> [REQUIRED WORK] Give back an exact copy of the lines in the records below, from the line that has "Transparent Resin Imitation" through the line that has "Rollings Women |", and nothing besides.

--

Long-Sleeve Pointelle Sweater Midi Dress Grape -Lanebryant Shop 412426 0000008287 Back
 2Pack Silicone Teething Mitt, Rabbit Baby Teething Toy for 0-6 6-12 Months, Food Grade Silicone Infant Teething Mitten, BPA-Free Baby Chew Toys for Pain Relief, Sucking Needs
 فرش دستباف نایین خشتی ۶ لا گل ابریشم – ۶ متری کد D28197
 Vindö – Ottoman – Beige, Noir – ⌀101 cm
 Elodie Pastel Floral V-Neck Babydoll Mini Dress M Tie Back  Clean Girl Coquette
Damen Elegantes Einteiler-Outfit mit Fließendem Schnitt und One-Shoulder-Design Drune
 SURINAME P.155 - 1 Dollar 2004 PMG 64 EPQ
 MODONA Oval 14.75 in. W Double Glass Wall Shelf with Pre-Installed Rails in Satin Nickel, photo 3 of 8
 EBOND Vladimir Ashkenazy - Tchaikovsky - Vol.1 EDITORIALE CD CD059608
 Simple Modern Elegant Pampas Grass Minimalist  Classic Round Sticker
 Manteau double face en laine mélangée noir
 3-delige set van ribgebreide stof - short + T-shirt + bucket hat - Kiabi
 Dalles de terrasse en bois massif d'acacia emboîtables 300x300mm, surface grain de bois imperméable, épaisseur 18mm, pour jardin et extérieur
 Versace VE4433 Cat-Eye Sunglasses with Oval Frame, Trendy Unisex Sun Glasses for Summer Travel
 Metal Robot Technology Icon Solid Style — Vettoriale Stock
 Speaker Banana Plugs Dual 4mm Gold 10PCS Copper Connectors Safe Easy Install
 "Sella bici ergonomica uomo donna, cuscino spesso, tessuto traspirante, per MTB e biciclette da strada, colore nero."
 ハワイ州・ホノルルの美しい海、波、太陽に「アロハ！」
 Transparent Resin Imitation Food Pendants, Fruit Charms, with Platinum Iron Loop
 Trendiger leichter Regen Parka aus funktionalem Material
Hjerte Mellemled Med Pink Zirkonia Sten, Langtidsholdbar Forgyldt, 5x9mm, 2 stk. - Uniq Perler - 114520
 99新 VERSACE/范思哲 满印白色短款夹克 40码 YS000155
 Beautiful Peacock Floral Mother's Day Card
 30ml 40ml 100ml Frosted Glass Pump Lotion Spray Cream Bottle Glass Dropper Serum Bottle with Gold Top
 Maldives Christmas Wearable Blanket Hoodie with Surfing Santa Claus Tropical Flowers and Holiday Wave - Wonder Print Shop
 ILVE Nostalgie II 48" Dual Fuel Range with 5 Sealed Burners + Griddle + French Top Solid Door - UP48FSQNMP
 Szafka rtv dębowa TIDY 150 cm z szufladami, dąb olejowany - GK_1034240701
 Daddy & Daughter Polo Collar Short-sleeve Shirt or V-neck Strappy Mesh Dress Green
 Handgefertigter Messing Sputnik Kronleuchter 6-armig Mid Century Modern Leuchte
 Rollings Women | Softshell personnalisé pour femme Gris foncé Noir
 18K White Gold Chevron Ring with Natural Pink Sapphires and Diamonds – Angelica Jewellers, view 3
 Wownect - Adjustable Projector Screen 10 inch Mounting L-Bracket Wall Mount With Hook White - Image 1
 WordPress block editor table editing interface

--

> [RESULT FOR THIS EXERCISE]
 Transparent Resin Imitation Food Pendants, Fruit Charms, with Platinum Iron Loop
 Trendiger leichter Regen Parka aus funktionalem Material
Hjerte Mellemled Med Pink Zirkonia Sten, Langtidsholdbar Forgyldt, 5x9mm, 2 stk. - Uniq Perler - 114520
 99新 VERSACE/范思哲 满印白色短款夹克 40码 YS000155
 Beautiful Peacock Floral Mother's Day Card
 30ml 40ml 100ml Frosted Glass Pump Lotion Spray Cream Bottle Glass Dropper Serum Bottle with Gold Top
 Maldives Christmas Wearable Blanket Hoodie with Surfing Santa Claus Tropical Flowers and Holiday Wave - Wonder Print Shop
 ILVE Nostalgie II 48" Dual Fuel Range with 5 Sealed Burners + Griddle + French Top Solid Door - UP48FSQNMP
 Szafka rtv dębowa TIDY 150 cm z szufladami, dąb olejowany - GK_1034240701
 Daddy & Daughter Polo Collar Short-sleeve Shirt or V-neck Strappy Mesh Dress Green
 Handgefertigter Messing Sputnik Kronleuchter 6-armig Mid Century Modern Leuchte
 Rollings Women | Softshell personnalisé pour femme Gris foncé Noir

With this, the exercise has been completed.